Several public officials, including OUSD superintendent Kyla Johnson-Trammell, Alameda County office of education superintendent L.K. Monroe, Congresswoman Barbara Lee, and City Councilmember Loren Taylor, who represents the district where Tillotson lived, expressed similar sentiments upon his death.
Hinton, who served on OUSD’s school board from 2009 to 2020, is motivated by the Frederick Douglass quote that Tillotson kept in his email signature: “It is easier to build strong children, than to repair broken men.”
“Every time I read it I almost cry. That’s our work. What we’re left with is that we have to build strong children. Ultimately [Dirk] fell to a broken man,” she said.
Tillotson’s death was the 105th homicide in Oakland this year. On Oct. 1, Oakland police responded to reports of a shooting at Tillotson’s home in the Maxwell Park neighborhood. Tillotson and his wife were shot during a home invasion robbery, according to police. His wife was transported to a hospital and survived her injuries, but Tillotson was pronounced dead at the scene. The investigation is ongoing, and police have asked that anyone with information call the homicide division at (510) 238-3821.
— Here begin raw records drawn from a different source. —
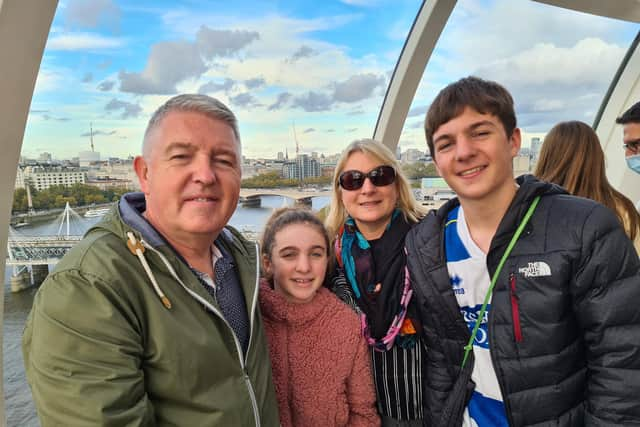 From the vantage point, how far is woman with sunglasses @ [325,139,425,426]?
55.2 inches

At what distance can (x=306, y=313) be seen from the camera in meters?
1.39

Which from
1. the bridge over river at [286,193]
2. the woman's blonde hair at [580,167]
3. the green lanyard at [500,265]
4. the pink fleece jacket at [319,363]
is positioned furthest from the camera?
the bridge over river at [286,193]

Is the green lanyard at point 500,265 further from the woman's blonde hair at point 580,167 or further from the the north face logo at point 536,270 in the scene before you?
the woman's blonde hair at point 580,167

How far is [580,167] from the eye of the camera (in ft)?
6.53

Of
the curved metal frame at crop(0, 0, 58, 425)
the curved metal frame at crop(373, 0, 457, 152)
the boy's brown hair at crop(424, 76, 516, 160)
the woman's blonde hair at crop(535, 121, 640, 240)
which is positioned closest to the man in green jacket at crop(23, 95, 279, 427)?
the boy's brown hair at crop(424, 76, 516, 160)

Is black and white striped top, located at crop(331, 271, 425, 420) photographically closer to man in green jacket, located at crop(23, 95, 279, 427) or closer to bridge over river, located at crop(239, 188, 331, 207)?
man in green jacket, located at crop(23, 95, 279, 427)

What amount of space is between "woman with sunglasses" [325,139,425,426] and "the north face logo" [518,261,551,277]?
41 centimetres

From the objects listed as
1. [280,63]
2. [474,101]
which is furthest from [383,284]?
[280,63]

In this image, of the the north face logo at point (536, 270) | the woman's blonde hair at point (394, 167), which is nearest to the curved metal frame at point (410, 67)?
the woman's blonde hair at point (394, 167)

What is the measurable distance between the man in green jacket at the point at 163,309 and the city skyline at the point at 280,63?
0.21 m

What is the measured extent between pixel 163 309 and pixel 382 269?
833 mm

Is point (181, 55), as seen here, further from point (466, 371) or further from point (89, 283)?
point (466, 371)

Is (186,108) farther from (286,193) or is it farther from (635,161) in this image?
(635,161)

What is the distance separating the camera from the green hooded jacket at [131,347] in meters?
0.79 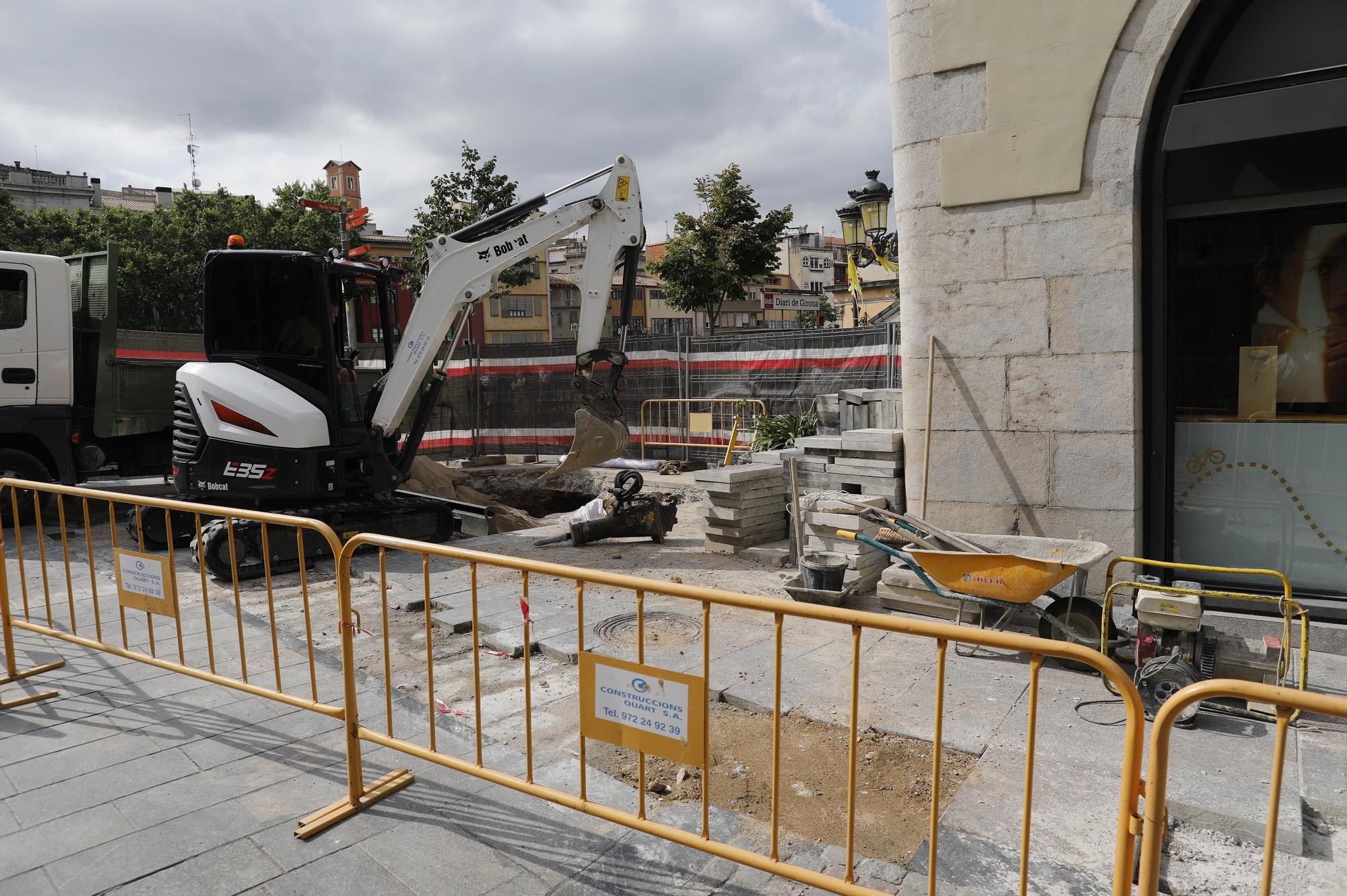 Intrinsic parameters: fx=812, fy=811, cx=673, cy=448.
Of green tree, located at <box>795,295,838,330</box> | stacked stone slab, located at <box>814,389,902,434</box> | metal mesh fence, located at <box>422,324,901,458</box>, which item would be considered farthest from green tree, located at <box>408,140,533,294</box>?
green tree, located at <box>795,295,838,330</box>

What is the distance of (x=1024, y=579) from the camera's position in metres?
4.84

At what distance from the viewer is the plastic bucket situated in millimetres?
6430

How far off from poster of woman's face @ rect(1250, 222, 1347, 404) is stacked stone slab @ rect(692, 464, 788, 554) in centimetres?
441

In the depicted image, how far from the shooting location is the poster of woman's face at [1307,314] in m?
5.52

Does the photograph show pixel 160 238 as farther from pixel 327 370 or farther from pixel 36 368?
pixel 327 370

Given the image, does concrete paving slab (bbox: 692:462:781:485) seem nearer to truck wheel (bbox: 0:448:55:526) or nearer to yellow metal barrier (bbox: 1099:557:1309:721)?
yellow metal barrier (bbox: 1099:557:1309:721)

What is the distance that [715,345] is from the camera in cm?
1553

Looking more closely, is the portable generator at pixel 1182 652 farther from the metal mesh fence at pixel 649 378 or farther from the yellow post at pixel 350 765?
the metal mesh fence at pixel 649 378

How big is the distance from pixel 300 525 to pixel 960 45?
18.6 ft

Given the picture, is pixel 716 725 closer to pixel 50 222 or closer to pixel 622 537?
pixel 622 537

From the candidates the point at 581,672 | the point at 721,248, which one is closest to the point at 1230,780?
the point at 581,672

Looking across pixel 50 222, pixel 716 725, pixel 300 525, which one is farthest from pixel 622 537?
pixel 50 222

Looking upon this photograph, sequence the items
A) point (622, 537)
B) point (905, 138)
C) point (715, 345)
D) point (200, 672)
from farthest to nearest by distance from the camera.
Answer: point (715, 345), point (622, 537), point (905, 138), point (200, 672)

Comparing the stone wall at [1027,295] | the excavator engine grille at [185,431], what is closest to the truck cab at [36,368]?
the excavator engine grille at [185,431] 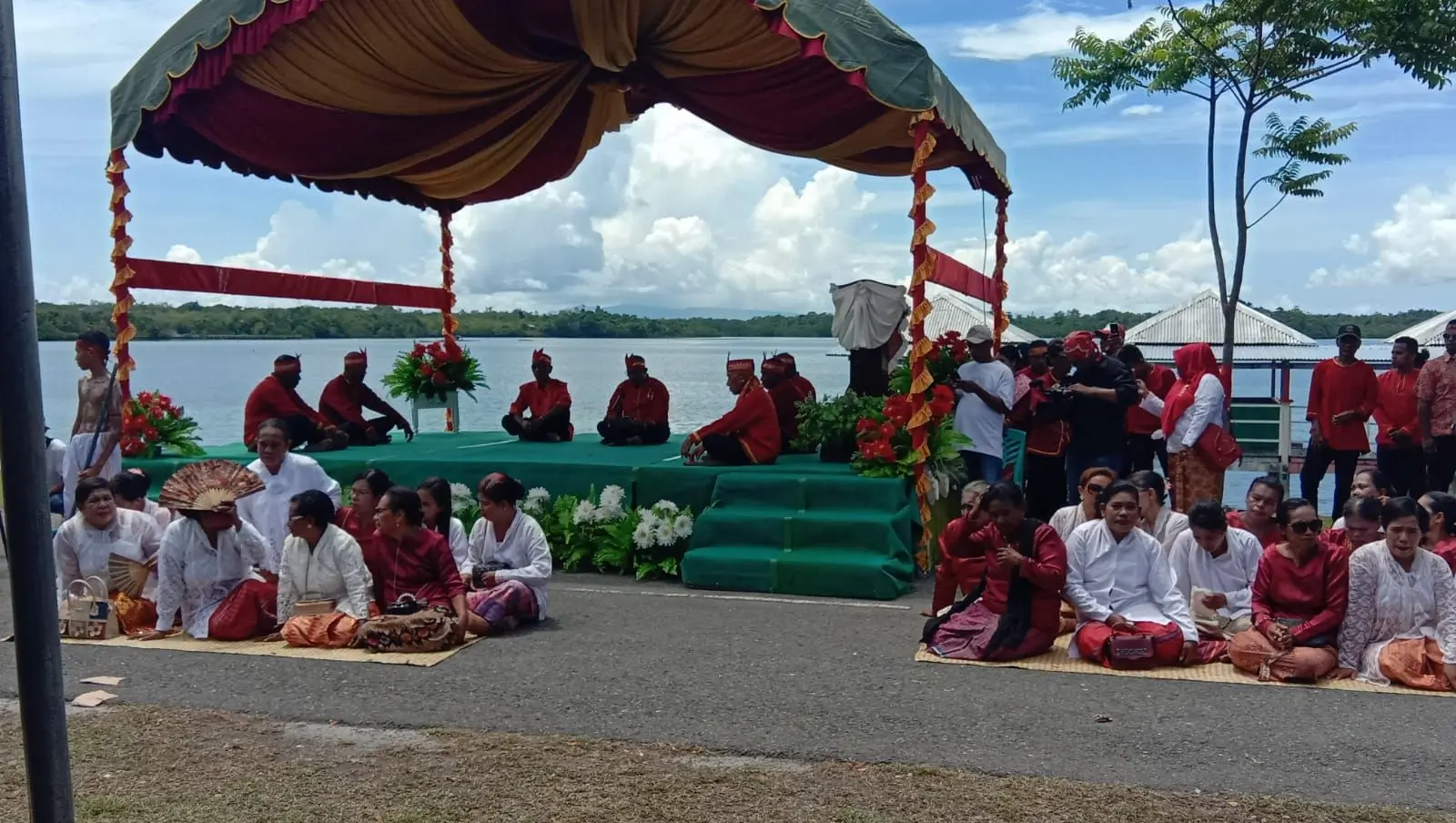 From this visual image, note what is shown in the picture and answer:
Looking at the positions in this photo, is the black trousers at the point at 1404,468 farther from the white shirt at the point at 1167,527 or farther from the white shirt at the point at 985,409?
the white shirt at the point at 1167,527

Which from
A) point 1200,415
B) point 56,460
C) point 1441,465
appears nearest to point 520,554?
point 1200,415

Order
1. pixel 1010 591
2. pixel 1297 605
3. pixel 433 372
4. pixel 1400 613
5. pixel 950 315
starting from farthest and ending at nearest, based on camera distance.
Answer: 1. pixel 950 315
2. pixel 433 372
3. pixel 1010 591
4. pixel 1297 605
5. pixel 1400 613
Tillotson’s friends and colleagues are planning a private remembrance ceremony to honor him, and a public act at City Hall, to call attention to gun violence in Oakland, Hinton said. While more details about the public event haven’t been announced yet, Hinton said they want to take time to grieve their friend before moving to action.
For Cole, who helped to launch the State of Black Education in Oakland with Hinton and Tillotson, maintaining Tillotson’s legacy means continuing that work.
“We have to honor him through our work. These rates have to get better for Black kids, and there has to be more truth telling. That’s what I’m going to do,” he said.
A GoFundMe has been created to support Tillotson’s family, including his wife Amina and son Malcolm.